Frontier models have essentially saturated academic reasoning benchmarks. A 0.2-percentage-point difference on GPQA Diamond is noise, not signal.

Where Opus 4.7 Trails {#weak-benchmarks}

On web research tasks, Opus 4.7 falls behind its main competitors:

Benchmark	Opus 4.7	GPT-5.4	Gemini 3.1 Pro
BrowseComp	79.3%	89.3%	85.9%

A ~10-point gap on BrowseComp is meaningful if your workflows depend on deep web research, competitive monitoring, or information retrieval from live sources. For those use cases, GPT-5.4 currently holds a real advantage.

The Unreported Regression {#regression-benchmark}

Here's the number that doesn't appear in Anthropic's launch announcement: the Thematic Generalization Benchmark dropped to 72.8% in Opus 4.7, down from 80.6% in Opus 4.6. This measures general language understanding and knowledge transfer — the "general intelligence" dimension that correlates with quality on creative writing, analytical work, and open-ended reasoning.

This isn't just a fringe metric. It gives quantitative backing to what many users are reporting anecdotally. The pattern suggests Opus 4.7 may have been optimized specifically for software engineering at some cost to general-purpose language capabilities — a trade-off worth understanding before committing to a migration.

The Hidden Cost Problem: "Unchanged Pricing" Is Misleading {#pricing}

Anthropic's pricing page shows Opus 4.7 at $5 per million input tokens / $25 per million output tokens — identical to Opus 4.6. This is technically accurate. It is not the full story.
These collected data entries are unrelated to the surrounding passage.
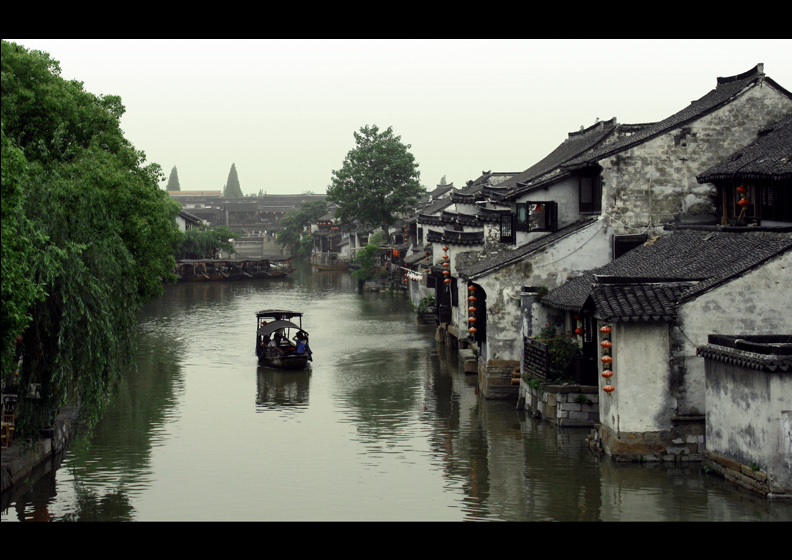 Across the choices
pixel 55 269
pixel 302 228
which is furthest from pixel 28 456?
pixel 302 228

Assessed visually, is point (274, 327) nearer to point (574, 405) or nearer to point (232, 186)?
point (574, 405)

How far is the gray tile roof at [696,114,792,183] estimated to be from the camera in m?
23.6

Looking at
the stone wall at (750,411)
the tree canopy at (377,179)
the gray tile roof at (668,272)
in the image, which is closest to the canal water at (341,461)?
the stone wall at (750,411)

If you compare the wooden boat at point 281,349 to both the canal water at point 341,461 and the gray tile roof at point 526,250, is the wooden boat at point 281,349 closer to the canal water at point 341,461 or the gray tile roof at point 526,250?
the canal water at point 341,461

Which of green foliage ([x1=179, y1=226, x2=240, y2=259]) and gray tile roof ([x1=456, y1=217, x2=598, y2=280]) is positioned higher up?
green foliage ([x1=179, y1=226, x2=240, y2=259])

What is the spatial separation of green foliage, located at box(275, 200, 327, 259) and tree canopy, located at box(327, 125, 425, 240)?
1124 inches

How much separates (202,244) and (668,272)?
72257 mm

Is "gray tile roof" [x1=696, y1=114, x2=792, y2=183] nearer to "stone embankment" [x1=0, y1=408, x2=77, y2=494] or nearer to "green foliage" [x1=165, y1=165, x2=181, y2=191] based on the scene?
"stone embankment" [x1=0, y1=408, x2=77, y2=494]

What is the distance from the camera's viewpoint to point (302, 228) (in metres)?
120

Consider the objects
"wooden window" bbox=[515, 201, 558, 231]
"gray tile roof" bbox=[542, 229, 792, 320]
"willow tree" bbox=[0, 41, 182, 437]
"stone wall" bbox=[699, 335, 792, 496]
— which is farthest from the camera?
"wooden window" bbox=[515, 201, 558, 231]

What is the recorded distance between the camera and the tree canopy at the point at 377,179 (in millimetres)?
85562

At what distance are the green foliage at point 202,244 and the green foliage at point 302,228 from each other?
1984 cm

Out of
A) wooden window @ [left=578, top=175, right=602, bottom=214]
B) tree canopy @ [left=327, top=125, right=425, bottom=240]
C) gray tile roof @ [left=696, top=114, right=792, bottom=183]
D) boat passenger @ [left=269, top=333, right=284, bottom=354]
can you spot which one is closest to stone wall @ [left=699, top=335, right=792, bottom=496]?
gray tile roof @ [left=696, top=114, right=792, bottom=183]


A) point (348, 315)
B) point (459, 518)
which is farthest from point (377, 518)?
point (348, 315) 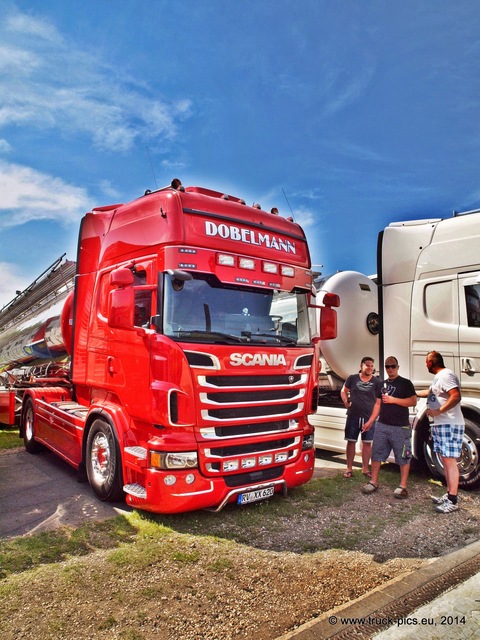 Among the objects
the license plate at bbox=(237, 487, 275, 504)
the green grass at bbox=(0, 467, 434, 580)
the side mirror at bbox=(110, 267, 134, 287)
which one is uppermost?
the side mirror at bbox=(110, 267, 134, 287)

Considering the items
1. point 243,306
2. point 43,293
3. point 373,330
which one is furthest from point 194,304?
point 43,293

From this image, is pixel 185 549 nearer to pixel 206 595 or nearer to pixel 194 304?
pixel 206 595

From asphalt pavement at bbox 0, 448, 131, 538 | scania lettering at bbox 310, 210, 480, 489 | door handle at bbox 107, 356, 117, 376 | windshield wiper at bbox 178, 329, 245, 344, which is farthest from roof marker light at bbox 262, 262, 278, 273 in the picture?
asphalt pavement at bbox 0, 448, 131, 538

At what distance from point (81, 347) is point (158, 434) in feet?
7.81

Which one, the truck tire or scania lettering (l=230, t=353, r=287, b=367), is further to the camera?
the truck tire

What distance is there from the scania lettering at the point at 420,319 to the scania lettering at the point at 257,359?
240 cm

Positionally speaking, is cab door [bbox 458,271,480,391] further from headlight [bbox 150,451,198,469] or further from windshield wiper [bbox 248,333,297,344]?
headlight [bbox 150,451,198,469]

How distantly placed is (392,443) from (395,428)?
0.64 feet

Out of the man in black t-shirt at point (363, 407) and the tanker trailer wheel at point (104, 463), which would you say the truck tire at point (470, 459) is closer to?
the man in black t-shirt at point (363, 407)

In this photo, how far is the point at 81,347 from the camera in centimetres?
661

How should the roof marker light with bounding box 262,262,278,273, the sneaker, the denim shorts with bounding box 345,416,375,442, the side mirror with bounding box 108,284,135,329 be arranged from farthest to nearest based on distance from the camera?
the denim shorts with bounding box 345,416,375,442 < the roof marker light with bounding box 262,262,278,273 < the sneaker < the side mirror with bounding box 108,284,135,329

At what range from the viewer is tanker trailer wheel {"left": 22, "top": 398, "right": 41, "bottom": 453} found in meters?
8.59

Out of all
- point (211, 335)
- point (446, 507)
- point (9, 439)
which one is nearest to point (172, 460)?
point (211, 335)

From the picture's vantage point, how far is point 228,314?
5.22 m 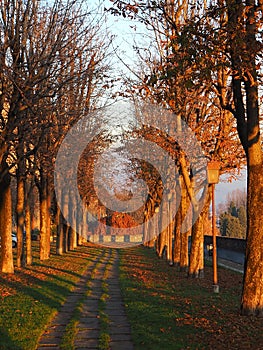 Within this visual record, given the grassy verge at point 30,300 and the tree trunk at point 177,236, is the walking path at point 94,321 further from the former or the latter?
the tree trunk at point 177,236

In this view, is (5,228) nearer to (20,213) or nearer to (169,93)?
(20,213)

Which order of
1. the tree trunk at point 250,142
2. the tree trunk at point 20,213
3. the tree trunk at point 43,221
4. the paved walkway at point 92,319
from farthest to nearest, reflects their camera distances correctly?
the tree trunk at point 43,221
the tree trunk at point 20,213
the tree trunk at point 250,142
the paved walkway at point 92,319

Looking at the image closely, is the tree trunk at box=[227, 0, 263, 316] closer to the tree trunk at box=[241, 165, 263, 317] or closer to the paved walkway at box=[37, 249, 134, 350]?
the tree trunk at box=[241, 165, 263, 317]

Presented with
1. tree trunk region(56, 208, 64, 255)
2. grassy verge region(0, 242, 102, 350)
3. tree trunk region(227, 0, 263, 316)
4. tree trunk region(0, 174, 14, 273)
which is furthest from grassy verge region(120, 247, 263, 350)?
tree trunk region(56, 208, 64, 255)

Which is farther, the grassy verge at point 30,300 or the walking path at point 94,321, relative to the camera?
the grassy verge at point 30,300

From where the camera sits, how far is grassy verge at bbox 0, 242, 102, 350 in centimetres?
973

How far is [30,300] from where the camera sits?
14.5m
The New Tokenizer Problem {#tokenizer}

Opus 4.7 ships with a new tokenizer that uses 1.0x to 1.35x more tokens for the same input text. The same prompt that consumed 10,000 tokens on Opus 4.6 may consume up to 13,500 tokens on Opus 4.7 — at the same headline price.

Real-world impact:

Input-heavy workloads: 0–35% cost increase from tokenizer inflation alone
Output-heavy workloads: Output tokens are priced at 5× input tokens, so any increase compounds
Higher effort levels: xhigh and max generate more output tokens, multiplying the effect

A production workflow spending $1,000/month on Opus 4.6 could spend up to $1,350/month on Opus 4.7 without any changes to task complexity or volume. This is a material budget impact for teams running at scale.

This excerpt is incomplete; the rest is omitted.